En 1985, éclatait une véritable bombe dans l’Église : le cardinal Ratzinger publiait Entretien sur la foi, sorte de livre-manifeste et retour critique sur la période post-conciliaire. On peut dire que cet ouvrage, considéré comme le « retournement » d’un théologien clairement connu dans sa jeunesse comme progressiste, a été l’une des causes principales de son élection à la papauté, vingt ans après.
En 1968, Josef Ratzinger paraphe la « Déclaration sur la liberté et la fonction des théologiens dans l’Église », attaque assez violente de la Congrégation pour la Doctrine de la Foi. Sa signature voisine avec celles de Chenu, Congar, Kasper, Kûng, Rahner, Schillebeeckx. En janvier 1982, Ratzinger, devenu entretemps évêque et cardinal, est nommé par Jean-Paul II préfet de ladite Congrégation pour la Doctrine de la Foi.
Il y a dû avoir entre ces deux dates, chez Josef Ratzinger, un cheminement. Ce « retournement » discret deviendra public en 1985, avec la parution du livre Entretien sur la foi.
Cet ouvrage va avoir un retentissement considérable. Par son auteur : un théologien respecté et peu suspect d’ntégrisme, parvenu à une haute fonction dans l’Église. Par son style : ouvert et ne se dissimulant pas derrière l’habituelle langue de buis. Par son sujet : revisiter tous les points chauds de l’après Concile. Mais surtout, par sa manière d’aborder les choses : sans se laisser enfermer dans des « pièges » médiatiques, proposer un programme de « restauration » (le mot y est) dans la fidélité à Vatican II. On comprend, dès lors, qu’une frange catholique se soit reconnue dans le discours du cardinal Ratzinger et l’ait fait élire vingt ans plus tard au souverain pontificat.

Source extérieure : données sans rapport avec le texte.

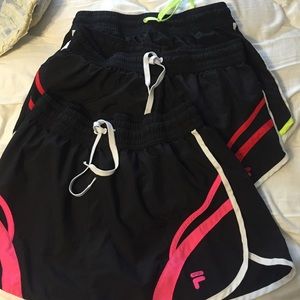 3 FOR $10, Running shorts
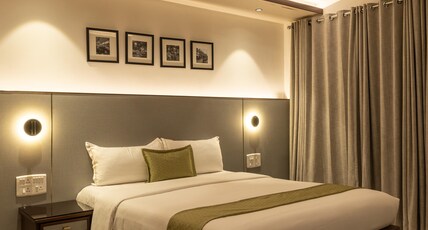 Hanu Reddy Residences, Poes Garden - Boutique Urban Retreat Room Type - Deluxe Room Hanu Reddy Residences, Poes Garden - Boutique Urban Retreat Room Type - Deluxe Room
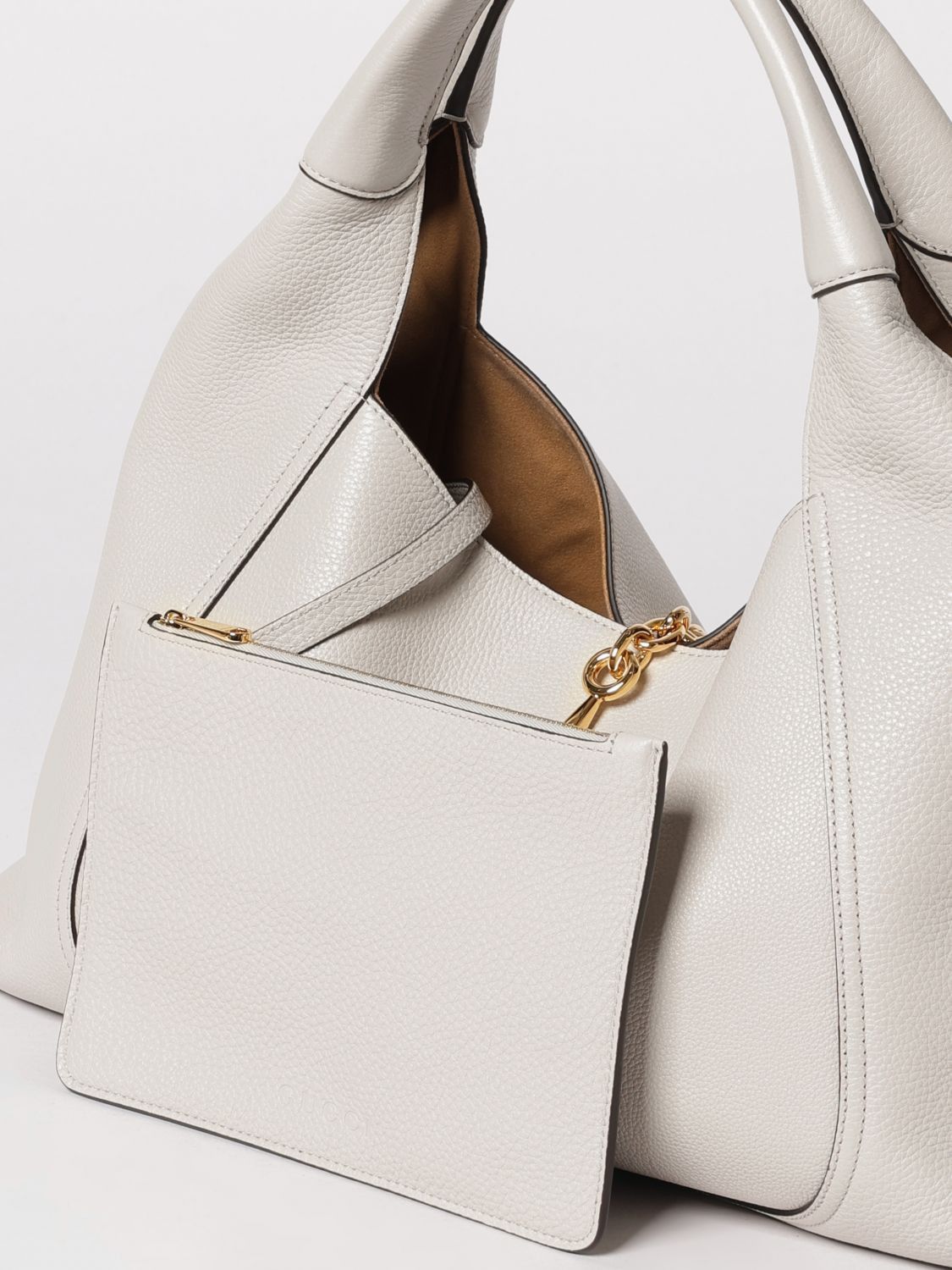 Gucci Gucci Shoulder Bag Woman White Size ONE SIZE - 4 Thumbnail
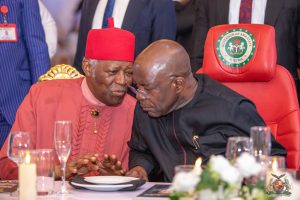 Gov. Otti says Gen. Nwachukwu’s “legacies remain a beacon of hope” for Abia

Pour essayer de comprendre ce que pourrait être (si les circonstances, le temps et la volonté du pape le permettent) le pontificat de Benoît XVI, il nous a semblé utile de relire ce livre, matrice des attitudes et travaux postérieurs du préfet de la Doctrine de la Foi.
La clé de Josef Ratzinger
Comme Josef Ratzinger y traite de nombreux sujets : la hiérarchie ecclésiastique, la morale, la place des femmes, la spiritualité, les fins derniè- res, le diable, les communautés nouvelles, la théologie de la libération, le souci missionnaire, qui ne peuvent être développés dans le cadre d’un modeste article, le plus simple et le plus utile nous a semblé de présenter systématiquement la pensée de Josef Ratzinger sur le concile Vatican II : car là se trouve certainement le noud de son action.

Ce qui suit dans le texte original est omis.